Colin Will is a poet with a scientific background. A librarian by (first) profession, he added to that a scientific degree, then a PhD in 1991 which combined both fields in research on the communication process in science. He worked as librarian for the Institute of Geological Sciences, and as Chief Librarian of the Royal Botanic Garden Edinburgh, before moving into senior management of that institution until retirement in 2002. He was President of the Scottish Library Association in 2000. He has chaired the boards of StAnza and the Scottish Poetry Library, served as Chair of Tyne & Esk Writers, and is one of the team behind Dunbar’s CoastWord Festival.
From 1996 to 2015 Will ran the Poetry Scotland website, the online presence of the poetry broadsheet of the same name, and continued the webzine The Open Mouse for twenty years. Calder Wood Press was Will’s own publishing imprint, which ran from 1999 to 2016, mainly publishing poetry pamphlets.

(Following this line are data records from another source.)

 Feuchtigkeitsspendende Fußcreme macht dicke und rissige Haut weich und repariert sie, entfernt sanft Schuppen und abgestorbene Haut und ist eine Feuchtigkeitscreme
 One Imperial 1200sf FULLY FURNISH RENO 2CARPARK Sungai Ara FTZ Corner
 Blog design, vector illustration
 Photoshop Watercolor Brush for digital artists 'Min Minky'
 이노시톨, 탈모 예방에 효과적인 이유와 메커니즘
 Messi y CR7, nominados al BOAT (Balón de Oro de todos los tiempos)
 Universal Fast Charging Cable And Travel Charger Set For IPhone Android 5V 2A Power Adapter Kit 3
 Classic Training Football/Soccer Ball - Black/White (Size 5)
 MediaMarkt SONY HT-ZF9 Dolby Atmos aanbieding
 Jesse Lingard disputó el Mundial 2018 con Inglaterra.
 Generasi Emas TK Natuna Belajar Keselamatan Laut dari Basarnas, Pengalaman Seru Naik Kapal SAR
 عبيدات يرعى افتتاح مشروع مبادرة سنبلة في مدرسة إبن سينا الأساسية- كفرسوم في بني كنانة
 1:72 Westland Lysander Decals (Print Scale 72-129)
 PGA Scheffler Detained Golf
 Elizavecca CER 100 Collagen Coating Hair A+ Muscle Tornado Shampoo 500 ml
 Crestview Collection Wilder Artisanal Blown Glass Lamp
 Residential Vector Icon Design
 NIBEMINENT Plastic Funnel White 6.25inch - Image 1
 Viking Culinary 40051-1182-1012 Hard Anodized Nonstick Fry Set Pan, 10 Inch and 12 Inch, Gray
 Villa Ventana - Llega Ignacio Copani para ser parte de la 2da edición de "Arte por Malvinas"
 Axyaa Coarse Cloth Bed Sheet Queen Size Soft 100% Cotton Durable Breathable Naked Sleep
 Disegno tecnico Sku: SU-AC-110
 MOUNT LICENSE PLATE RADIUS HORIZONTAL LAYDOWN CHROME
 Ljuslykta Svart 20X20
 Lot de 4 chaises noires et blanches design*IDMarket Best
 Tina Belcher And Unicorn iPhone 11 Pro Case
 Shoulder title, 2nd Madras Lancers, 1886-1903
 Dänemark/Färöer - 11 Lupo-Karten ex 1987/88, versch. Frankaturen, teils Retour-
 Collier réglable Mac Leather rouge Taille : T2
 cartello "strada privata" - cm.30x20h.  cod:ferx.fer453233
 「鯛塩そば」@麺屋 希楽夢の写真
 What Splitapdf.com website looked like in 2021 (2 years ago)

Colin Will was born in Edinburgh, spent most of his adult life in West Lothian, and settled in Dunbar in 2000. He has travelled widely within Europe, and has also visited North America and Japan, China and Tibet. His themes reflect a love of people and the natural world, and he is interested in poetry forms of the East, writing haiku and working with renga. Moving to prose, he has written a book of haibun (The Book of Ways) and has published a collection of short stories. He has eight collections of poetry, and some pamphlets.